Continuous Testing System Stability

The effort to speed up continuous testing will be wasted if the underlying system that continuous testing depends on is not stable. In my prior blog
Continuous Test Results Analysis – at the Speed of DevOps, I discussed the importance and practices for speeding up continuous testing results analysis. However, unless the continuous test system that the test results are derived from is rock solid, the results will at best be unreliable and at worst – results may not be generated at all!

One of the first rules of DevOps is to “keep going and don’t stop”. Stopping is the equivalent of pushing the red button on a factory assembly line effectively causing the entire line to shut down. Then, panic ensues because every second that the line is down affects all of production leading to increasing costs not to mention restarting the line is substantial also.

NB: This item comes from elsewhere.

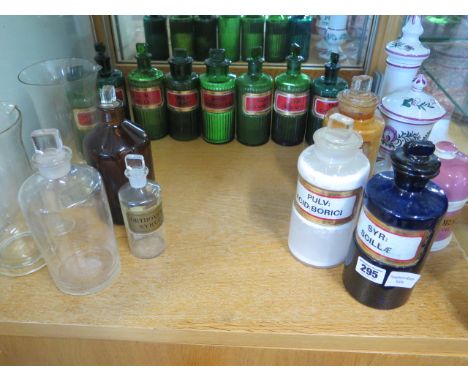 A coloured group of 14 chemist bottles, 3 glass measures and 3 ceramic jars, all but one of the green bottles have stuck stop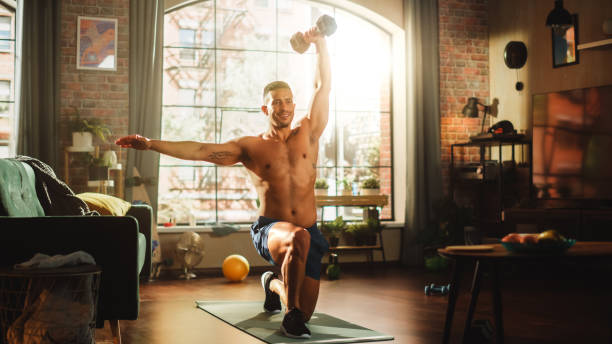 Portrait of a Strong Athletic Black Man Doing Shirtless Workout at Home, Training with Dumbbells. Fit Muscular Sportsman Staying Healthy, Training at Home. Sweat, Determination. Low Angle Portrait of a Strong Athletic Black Man Doing Shirtless Workout at Home, Training with Dumbbells. Fit Muscular Sportsman Staying Healthy, Training at Home. Sweat, Determination. Low Angle home workout stock pictures, royalty-free photos & images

Many techniques are employed to minimize the need to stop testing despite reported product test failures. However if the underlying continuous testing system itself is not stable, then the entire DevOps system including continuous testing will immediately be interrupted until the system recovers. Development team members are looking for results, so the time savings for speeding up the availability and the total work associated with results analysis is huge for every minute of results analysis time saved on each CI/CT cycle. When aggregated over multiple code branches, a few minutes saved per test result can be man-years of time saved over a year!

So what can be done to ensure the continuous test system itself is stable and produces reliable results even in the face of inevitable occasional system failures? After all, there is no such thing as a truly perpetual machine that never ever breaks down. Below are some suggestions in a checklist format that have proven useful in high performance DevOps deployments.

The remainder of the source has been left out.